Heute beginnt der Korruptionsprozess gegen Exbundespräsident Christian Wulff. Er soll sich von David Groenewold einiges bezahlt haben lassen: Hotel- und Babysitterkosten, 209 Euro für ein Abendessen und den Besuch auf den Wiesn. Groenewold soll Wulff dafür um eine Werbung für sein Filmprojekt gebeten haben. Ein anderer Freund Wulffs, Peter Hintze (CDU), wünscht sich nun „ein faires Verfahren, in welchem das Recht über die Stimmungsmache siegt“. Was heißt das?

FAIR wurde im 19. Jahrhundert aus dem Englischen ins Deutsche übernommen. Zuerst auch als Qualitätsbezeichnung „ausgezeichnet“ bei Warenangeboten üblich. „Fairness“ steht für moralisch einwandfreies, anständiges Verhalten – wobei die Bewertung dessen individuell und nicht gesetzlich geregelt ist.

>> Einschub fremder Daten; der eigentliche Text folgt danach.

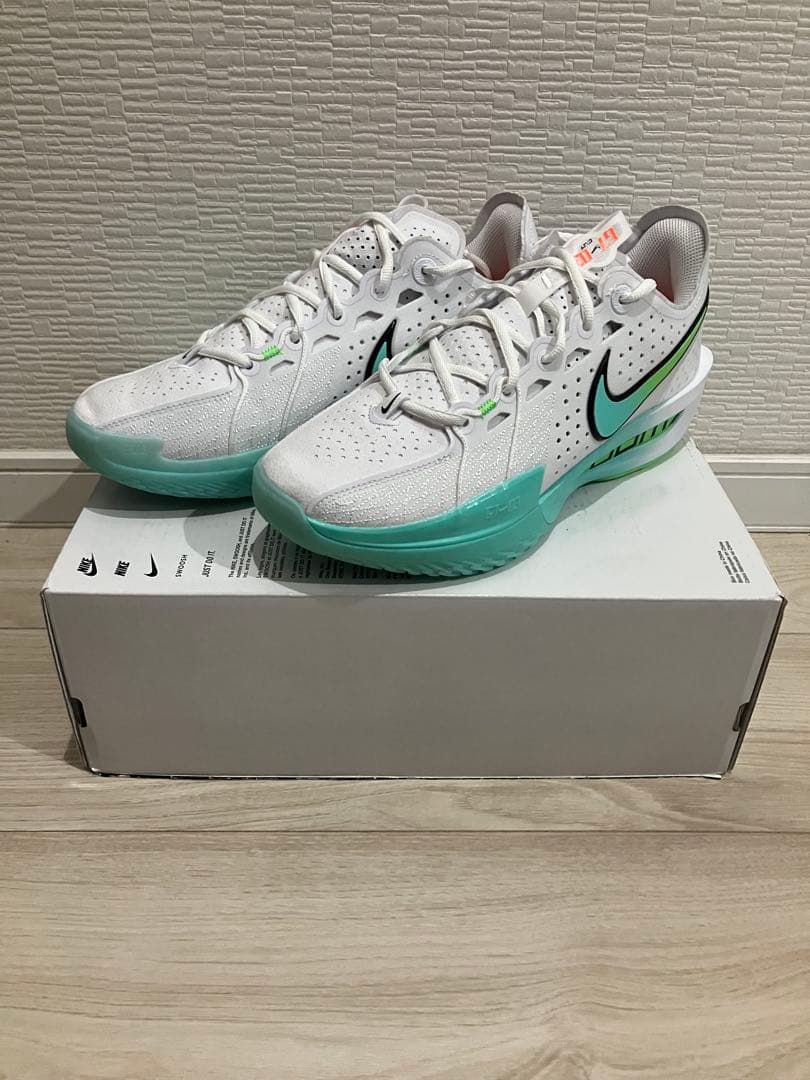 Nike バスケットボールシューズ ホワイト/ミント　Gtcut3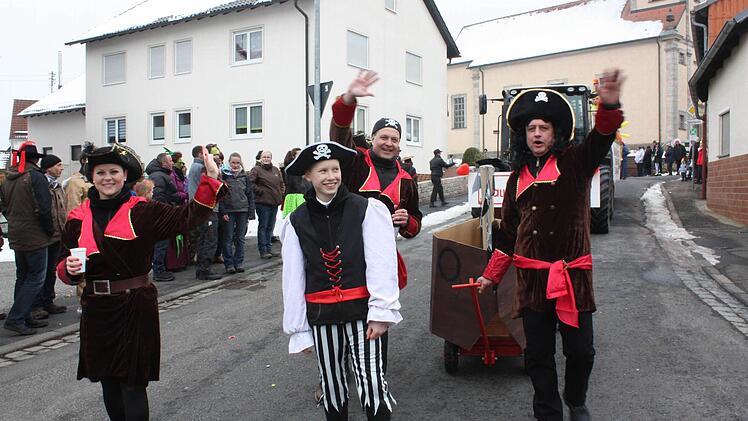 Eindrücke vom Rosenmontagsumzug in Waldfenster.  Foto: Robert Huger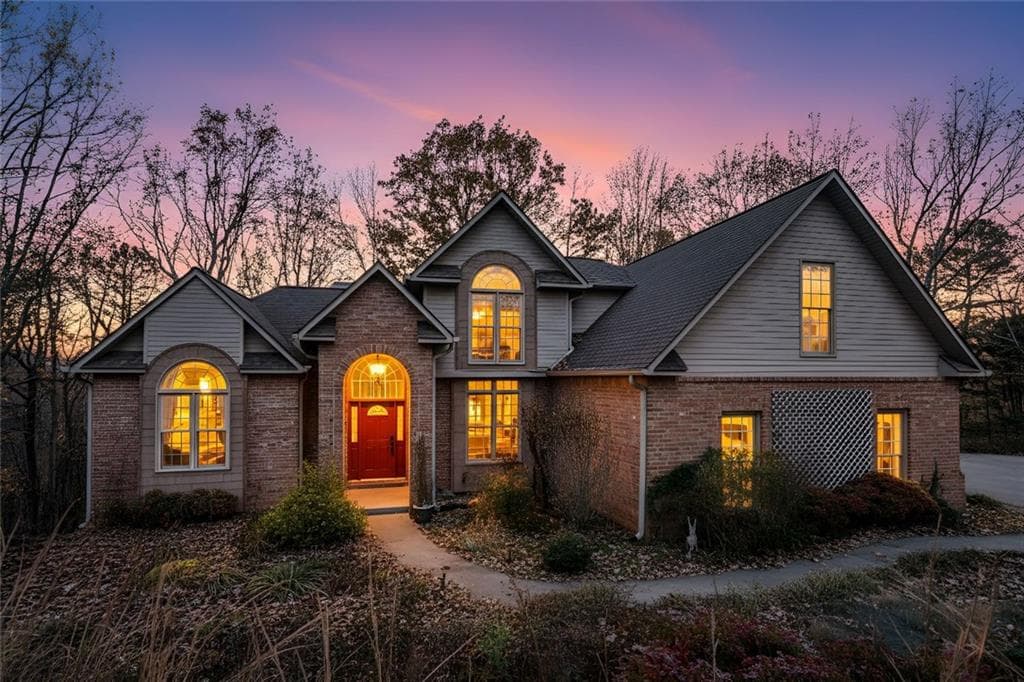 6720 Molly View Point, Cumming, GA 30041 — most recent listing photo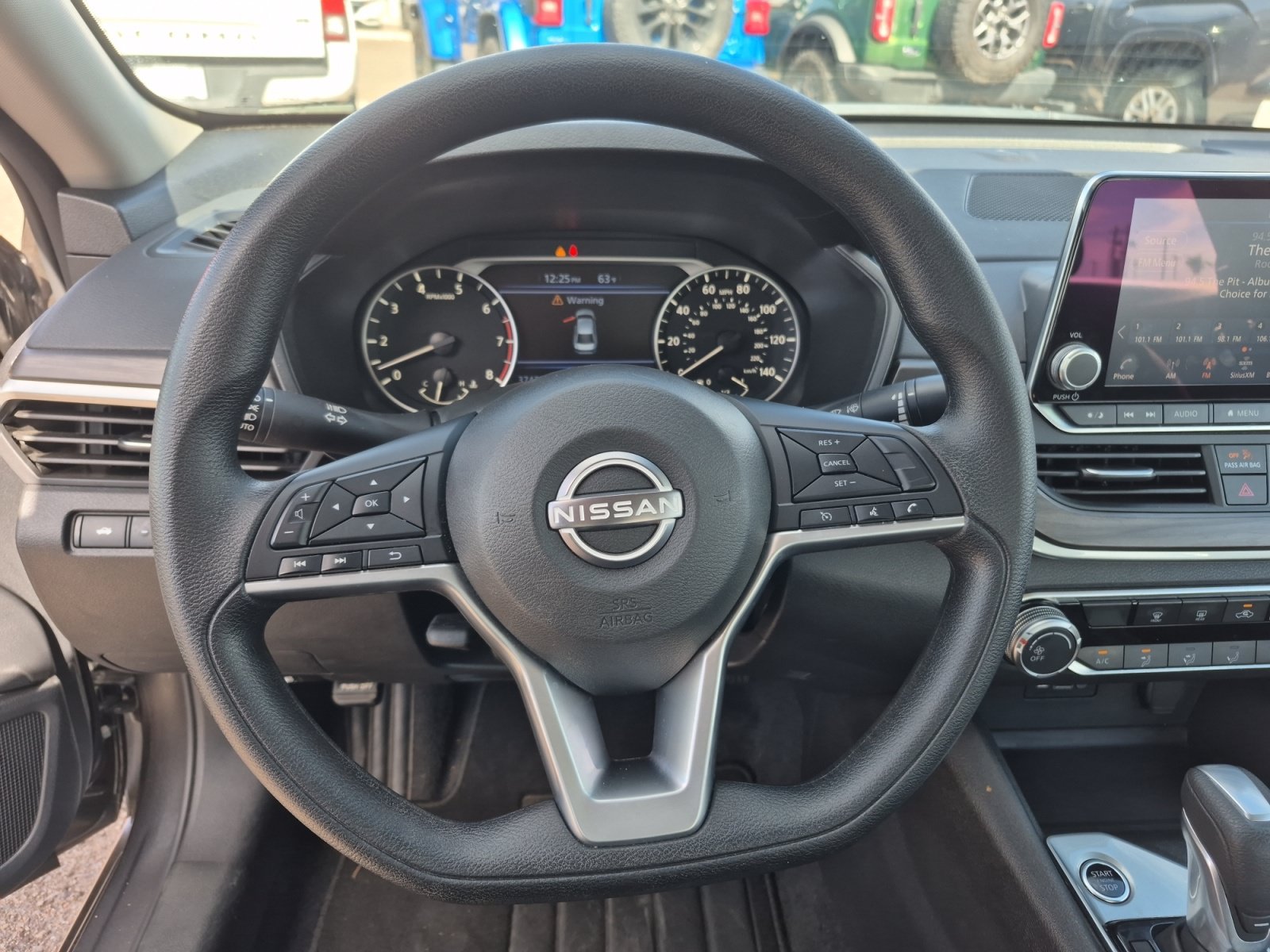 Used 2025 Nissan Altima 2.5 SV FWD image 9
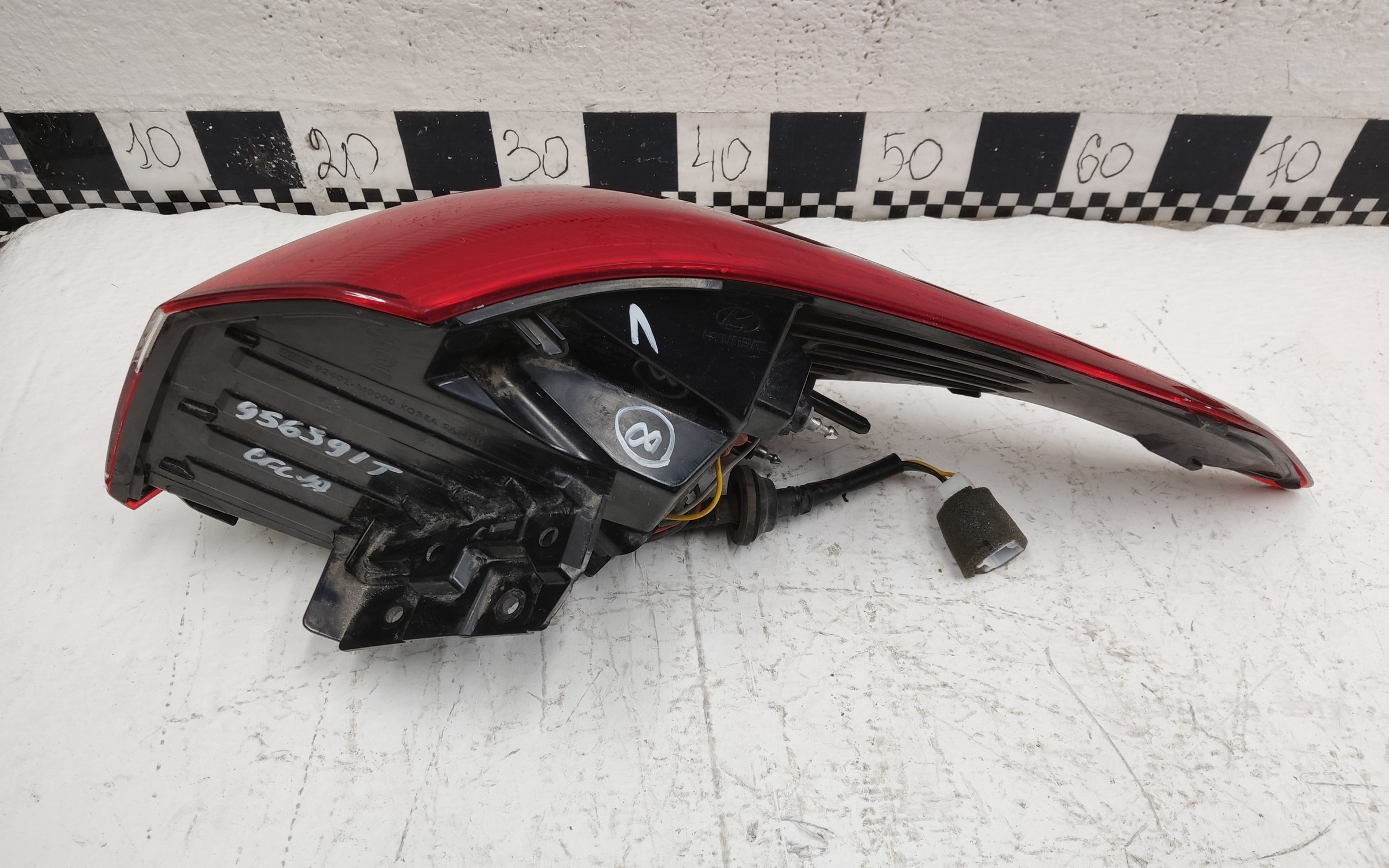 Фонарь задний левый наружный Hyundai Creta 1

Ist es aus Sicht des Freundes fair, dass er allein für gemeinsame Späße blechen muss? Ist es fair, dass die Babysitterin das fremde schreiende Kind ertragen muss, während die Eltern sich auf dem Oktoberfest vergnügen? Hat Wulff dem Rezeptionisten und dem Zimmermädchen im „Bayerischen Hof“ anständigerweise Trinkgeld gegeben? Warum bewegt sich Wulff persönlich für den einen Chefredakteur zum Telefon, wenn die taz doch auch so gerne an der Strippe plaudert? Das ist so gar nicht ausgezeichnet.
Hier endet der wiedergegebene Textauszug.